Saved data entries
++++++++++++++++++++

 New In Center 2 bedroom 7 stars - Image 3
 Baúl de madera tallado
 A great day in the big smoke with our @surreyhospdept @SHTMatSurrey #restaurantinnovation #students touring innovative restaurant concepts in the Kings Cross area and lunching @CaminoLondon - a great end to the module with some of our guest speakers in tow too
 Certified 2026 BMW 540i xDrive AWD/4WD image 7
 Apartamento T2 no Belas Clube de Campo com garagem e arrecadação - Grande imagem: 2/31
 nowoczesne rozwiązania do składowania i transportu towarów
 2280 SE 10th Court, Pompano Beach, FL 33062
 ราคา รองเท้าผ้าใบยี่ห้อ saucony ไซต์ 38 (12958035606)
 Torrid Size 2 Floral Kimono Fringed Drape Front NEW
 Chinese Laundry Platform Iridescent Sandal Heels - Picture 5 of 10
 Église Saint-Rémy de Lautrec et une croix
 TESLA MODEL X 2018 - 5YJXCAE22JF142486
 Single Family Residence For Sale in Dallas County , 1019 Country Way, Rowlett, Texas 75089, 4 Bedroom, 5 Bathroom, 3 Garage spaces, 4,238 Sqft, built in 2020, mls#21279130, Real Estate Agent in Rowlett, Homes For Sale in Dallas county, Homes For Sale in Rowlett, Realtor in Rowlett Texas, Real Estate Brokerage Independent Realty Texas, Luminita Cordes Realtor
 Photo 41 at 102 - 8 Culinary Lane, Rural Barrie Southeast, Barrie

++++++++++++++++++++

#### [Problem requirements]
Write out only the lines that run from the line containing "Certified 2026 BMW" through the line containing "Chinese Laundry Platform", both included, exactly as they appear above.

#### [Answer space]
 Certified 2026 BMW 540i xDrive AWD/4WD image 7
 Apartamento T2 no Belas Clube de Campo com garagem e arrecadação - Grande imagem: 2/31
 nowoczesne rozwiązania do składowania i transportu towarów
 2280 SE 10th Court, Pompano Beach, FL 33062
 ราคา รองเท้าผ้าใบยี่ห้อ saucony ไซต์ 38 (12958035606)
 Torrid Size 2 Floral Kimono Fringed Drape Front NEW
 Chinese Laundry Platform Iridescent Sandal Heels - Picture 5 of 10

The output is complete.